Histoire ancienne · Basel — 1557 (mense Septembri, selon le colophon)

Lucubrationes variae.

Guillaume Budé (Guilielmus Budaeus, 1467–1540)

Date & Lieu
Basel — 1557 (mense Septembri, selon le colophon)
Imprimeur
Nicolaum Episcopium Iuniorem (Nicolaus Episcopius le Jeune), Bâle
Format
In-folio, 542 pp.+ index ; papier vergé épais aux larges marges ; lettrines historiées sur bois — série narrative à inscriptions identifiées dans le cadre (scènes philosophiques et historiques antiques en rapport direct avec les textes qu'elles introduisent) et série ornementale militaire ; texte en latin et en grec (traductions de Plutarque, Aristote, Philon et Basile le Grand en grec original avec version latine de Budé), interieur frais, quelques pages avec de clires rousseur
Reliure
Plein vélin rigide d'époque ivoire, dos lisse avec pièce de titre , date manuscrite ; reliure de style janséniste
Réf. RB-480
Description

Lire l’auteur, c’est le rendre éternel. Le paraphraser, c’est l’oublier — lui, et le vécu de son temps.

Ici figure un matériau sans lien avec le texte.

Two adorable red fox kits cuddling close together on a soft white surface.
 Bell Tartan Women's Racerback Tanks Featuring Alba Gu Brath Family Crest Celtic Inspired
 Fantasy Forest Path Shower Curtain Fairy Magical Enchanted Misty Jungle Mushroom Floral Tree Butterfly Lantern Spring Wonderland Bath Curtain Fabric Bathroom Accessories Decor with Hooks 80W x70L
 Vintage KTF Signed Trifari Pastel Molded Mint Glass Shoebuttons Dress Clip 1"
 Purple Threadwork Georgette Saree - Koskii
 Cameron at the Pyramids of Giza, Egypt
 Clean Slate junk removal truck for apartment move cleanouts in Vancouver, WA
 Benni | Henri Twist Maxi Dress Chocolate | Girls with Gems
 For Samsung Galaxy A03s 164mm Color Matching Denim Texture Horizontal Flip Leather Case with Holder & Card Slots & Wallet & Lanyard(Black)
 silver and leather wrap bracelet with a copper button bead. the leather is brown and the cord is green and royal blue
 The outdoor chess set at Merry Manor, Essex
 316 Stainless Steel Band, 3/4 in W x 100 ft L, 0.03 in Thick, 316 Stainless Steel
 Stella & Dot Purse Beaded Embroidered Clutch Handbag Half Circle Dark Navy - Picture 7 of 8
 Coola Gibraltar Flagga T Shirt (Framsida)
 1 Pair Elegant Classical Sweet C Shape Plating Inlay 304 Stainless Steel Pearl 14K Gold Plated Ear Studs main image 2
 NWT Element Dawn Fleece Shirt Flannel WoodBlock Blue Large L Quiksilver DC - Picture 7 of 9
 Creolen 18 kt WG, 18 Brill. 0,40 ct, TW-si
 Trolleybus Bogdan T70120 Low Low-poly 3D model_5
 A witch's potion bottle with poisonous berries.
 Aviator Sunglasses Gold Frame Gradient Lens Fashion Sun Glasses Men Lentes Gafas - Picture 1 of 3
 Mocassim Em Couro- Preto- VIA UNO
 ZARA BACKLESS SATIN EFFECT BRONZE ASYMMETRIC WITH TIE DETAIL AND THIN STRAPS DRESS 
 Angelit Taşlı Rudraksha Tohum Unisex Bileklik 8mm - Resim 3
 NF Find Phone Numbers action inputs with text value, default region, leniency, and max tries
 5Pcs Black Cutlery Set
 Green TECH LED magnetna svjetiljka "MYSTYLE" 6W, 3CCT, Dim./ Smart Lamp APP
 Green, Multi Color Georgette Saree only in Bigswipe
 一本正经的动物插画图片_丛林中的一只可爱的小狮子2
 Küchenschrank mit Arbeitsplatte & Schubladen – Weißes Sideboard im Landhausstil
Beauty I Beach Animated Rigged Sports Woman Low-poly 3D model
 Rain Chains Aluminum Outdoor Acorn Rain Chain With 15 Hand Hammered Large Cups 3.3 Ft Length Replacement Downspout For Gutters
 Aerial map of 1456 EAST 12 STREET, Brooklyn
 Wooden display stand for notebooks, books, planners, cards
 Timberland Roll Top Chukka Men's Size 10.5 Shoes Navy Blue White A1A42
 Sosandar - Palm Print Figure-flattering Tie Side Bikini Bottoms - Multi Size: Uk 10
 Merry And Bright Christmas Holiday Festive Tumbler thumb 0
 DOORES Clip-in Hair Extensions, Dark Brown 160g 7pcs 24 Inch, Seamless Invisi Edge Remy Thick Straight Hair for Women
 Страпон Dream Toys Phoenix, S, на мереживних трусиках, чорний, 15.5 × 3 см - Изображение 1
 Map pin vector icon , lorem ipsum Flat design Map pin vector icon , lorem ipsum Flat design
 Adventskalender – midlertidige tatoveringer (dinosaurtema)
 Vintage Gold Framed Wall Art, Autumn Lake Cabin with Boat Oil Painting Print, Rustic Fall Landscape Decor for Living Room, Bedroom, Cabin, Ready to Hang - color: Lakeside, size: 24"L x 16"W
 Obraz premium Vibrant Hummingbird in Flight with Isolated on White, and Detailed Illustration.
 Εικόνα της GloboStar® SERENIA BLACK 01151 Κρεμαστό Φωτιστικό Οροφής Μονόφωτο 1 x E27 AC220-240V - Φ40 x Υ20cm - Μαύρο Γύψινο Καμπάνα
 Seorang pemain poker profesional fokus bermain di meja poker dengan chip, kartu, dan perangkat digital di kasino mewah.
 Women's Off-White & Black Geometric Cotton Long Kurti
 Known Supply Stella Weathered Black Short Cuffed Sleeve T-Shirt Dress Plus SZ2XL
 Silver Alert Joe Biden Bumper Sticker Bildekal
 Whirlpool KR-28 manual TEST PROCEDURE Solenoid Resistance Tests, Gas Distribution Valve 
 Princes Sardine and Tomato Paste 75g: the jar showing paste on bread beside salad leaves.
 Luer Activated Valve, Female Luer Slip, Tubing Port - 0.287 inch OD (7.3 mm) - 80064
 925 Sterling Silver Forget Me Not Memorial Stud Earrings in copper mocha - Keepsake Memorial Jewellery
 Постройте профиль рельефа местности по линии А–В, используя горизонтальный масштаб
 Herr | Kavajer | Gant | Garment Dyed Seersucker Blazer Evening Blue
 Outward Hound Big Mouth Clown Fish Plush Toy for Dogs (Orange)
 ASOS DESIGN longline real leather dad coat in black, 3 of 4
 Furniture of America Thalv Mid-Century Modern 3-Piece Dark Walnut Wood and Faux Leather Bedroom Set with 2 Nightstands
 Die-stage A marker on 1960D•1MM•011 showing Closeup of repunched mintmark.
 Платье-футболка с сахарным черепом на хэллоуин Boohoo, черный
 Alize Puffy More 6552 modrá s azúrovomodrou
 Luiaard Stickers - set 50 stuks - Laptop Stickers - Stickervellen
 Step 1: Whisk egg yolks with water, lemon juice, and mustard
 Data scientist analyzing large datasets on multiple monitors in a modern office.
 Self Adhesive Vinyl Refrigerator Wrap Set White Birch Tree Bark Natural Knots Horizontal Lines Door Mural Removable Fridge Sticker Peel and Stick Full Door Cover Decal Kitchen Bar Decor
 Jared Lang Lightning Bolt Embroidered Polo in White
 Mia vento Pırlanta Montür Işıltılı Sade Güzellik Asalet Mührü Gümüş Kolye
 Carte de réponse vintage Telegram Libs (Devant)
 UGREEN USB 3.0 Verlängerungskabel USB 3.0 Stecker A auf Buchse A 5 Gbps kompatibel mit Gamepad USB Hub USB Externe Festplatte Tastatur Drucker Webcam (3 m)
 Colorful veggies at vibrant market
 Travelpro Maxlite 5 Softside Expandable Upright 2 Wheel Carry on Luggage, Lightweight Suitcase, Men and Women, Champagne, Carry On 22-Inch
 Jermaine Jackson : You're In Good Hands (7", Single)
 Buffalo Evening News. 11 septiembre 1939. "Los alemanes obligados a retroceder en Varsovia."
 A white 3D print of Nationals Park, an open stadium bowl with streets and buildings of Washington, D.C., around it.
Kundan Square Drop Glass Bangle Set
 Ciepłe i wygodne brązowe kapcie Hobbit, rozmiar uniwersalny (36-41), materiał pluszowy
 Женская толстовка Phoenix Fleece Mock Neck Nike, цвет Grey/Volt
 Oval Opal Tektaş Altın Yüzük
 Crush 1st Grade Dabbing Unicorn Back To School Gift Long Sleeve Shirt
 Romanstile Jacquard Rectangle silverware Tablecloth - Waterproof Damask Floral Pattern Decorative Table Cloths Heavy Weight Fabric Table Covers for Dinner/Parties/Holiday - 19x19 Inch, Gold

Publié dix-sept ans après la mort de Guillaume Budé (1467–1540), ce recueil bâlois de 1557 n’est pas une simple compilation de circonstance — c’est un monument éditorial délibéré, conçu par l’humaniste piémontais Celio Secondo Curione comme une canonisation intellectuelle posthume. Le volume rassemble l’essentiel des œuvres mineures et de la correspondance de Budé : traités de philologie et de philosophie morale, six livres d’épîtres latines et grecques adressées aux plus grandes figures de l’humanisme européen — Érasme, Thomas More, Andrea Alciato, Pietro Bembo, Juan Luis Vives, Jacopo Sadoleto, Janus Lascaris —, le testament spirituel de Budé (De transitu Hellenismi ad Christianismum, trois livres), et ses traductions latines de Plutarque, d’Aristote, de Philon d’Alexandrie et de saint Basile le Grand, reproduites avec les textes grecs originaux en regard. Curione ouvre sa préface par une phrase d’anthologie qui résume à elle seule la place de Budé dans l’histoire intellectuelle européenne : « De même que l’Allemagne n’a guère eu beaucoup d’Érasmes, de même la France a donné un Budé, et en donnera à peine un autre dans les cent ans à venir. » Le programme iconographique des lettrines historiées — Alexandre face à Diogène, Coriolan vaincu par Veturia, Héraclite et Démocrite, Vitellius — forme un discours moral cohérent sur la vanité de la gloire temporelle et la supériorité de la sagesse philosophique : autant de portraits indirects de Budé lui-même, savant qui observa la cour de François Ier avec la distance mélancolique du philologue. Dans la trajectoire de Budé, ce volume couronne une œuvre titanesque consacrée à la renaissance des lettres grecques en France, qui va du De Asse et Partibus Eius (1514) aux Commentarii Linguae Graecae (1529), source directe du Thesaurus d’Henri Estienne. Dans l’arc historique de l’humanisme, les Lucubrationes variae incarnent l’aboutissement d’une vie entière consacrée à réconcilier l’héritage antique et la pensée chrétienne — programme que Curione, humaniste protestant exilé à Bâle, reconnaissait comme le sien propre, et qu’il honora par l’une des plus belles éditions collectives de l’imprimerie bâloise du XVIe siècle.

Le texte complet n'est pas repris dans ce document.